*Exercise brief*: When you retype the data, keep every word exactly and include none of the pictures.

*Entries provided*:
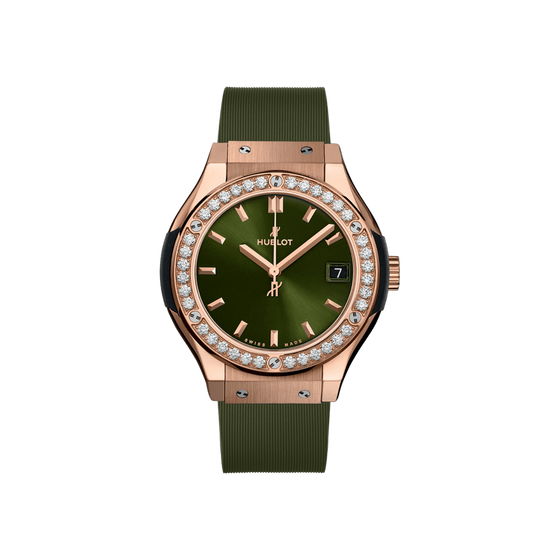 Classic Fusion King Gold Green Diamonds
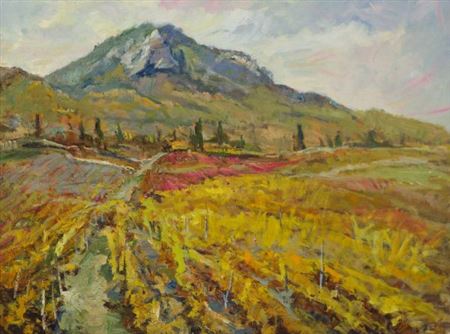 Sample artwork by Victor Aleksandrovich Ferber (1908 - 1965), known for graphic art, painting, marine painting - View similar artists and auction records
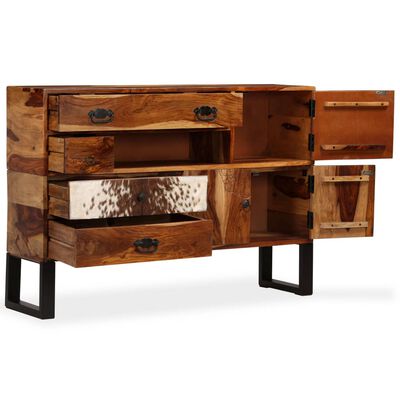 vidaXL Buffet Bois massif de Sesham 115x30x80 cm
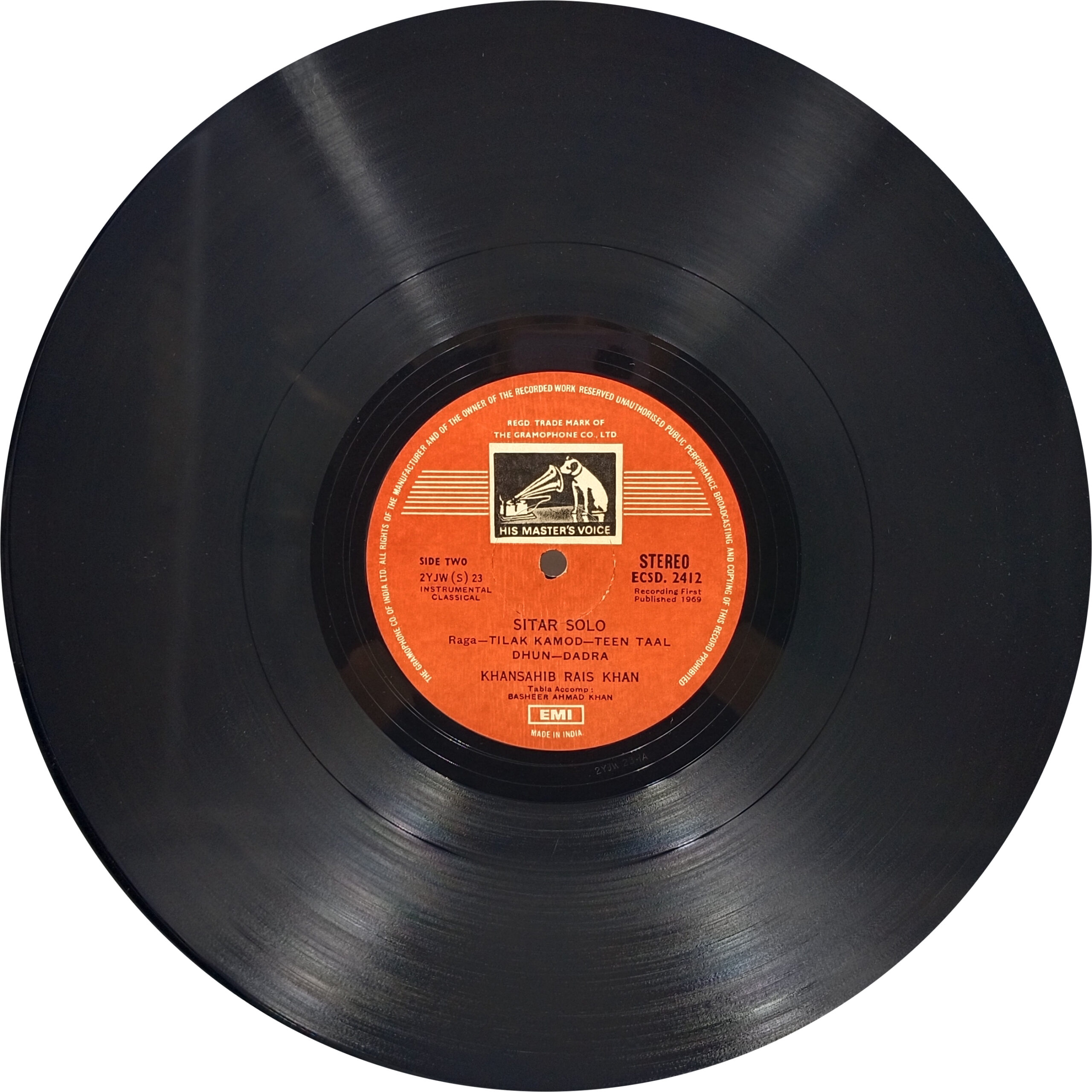 Rais Khan- ECSD 2412 - (85-90%) – CR - Indian Classical Instrumental LP Vinyl Record Rais Khan- ECSD 2412 - (85-90%) – CR - Indian Classical Instrumental LP Vinyl Record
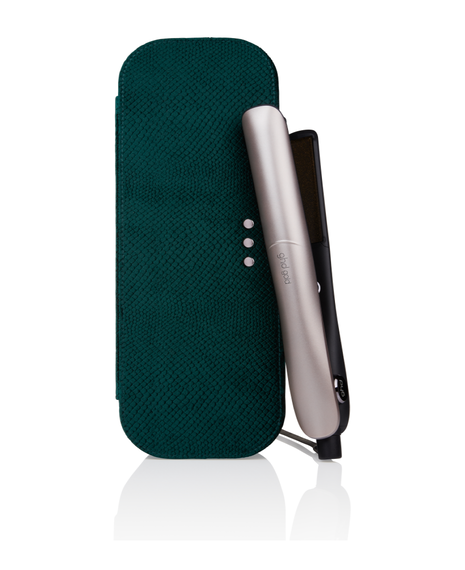 gold&reg; hair straightener in warm pewter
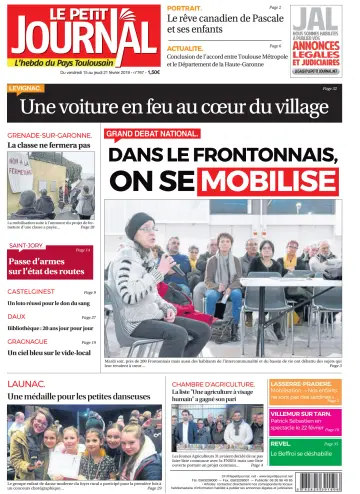 Le Petit Journal - L'hebdo du Pays Toulousain - 15 Feb 2019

*Solution*:
 Classic Fusion King Gold Green Diamonds
 Sample artwork by Victor Aleksandrovich Ferber (1908 - 1965), known for graphic art, painting, marine painting - View similar artists and auction records
 vidaXL Buffet Bois massif de Sesham 115x30x80 cm
 Rais Khan- ECSD 2412 - (85-90%) – CR - Indian Classical Instrumental LP Vinyl Record Rais Khan- ECSD 2412 - (85-90%) – CR - Indian Classical Instrumental LP Vinyl Record
 gold&reg; hair straightener in warm pewter
 Le Petit Journal - L'hebdo du Pays Toulousain - 15 Feb 2019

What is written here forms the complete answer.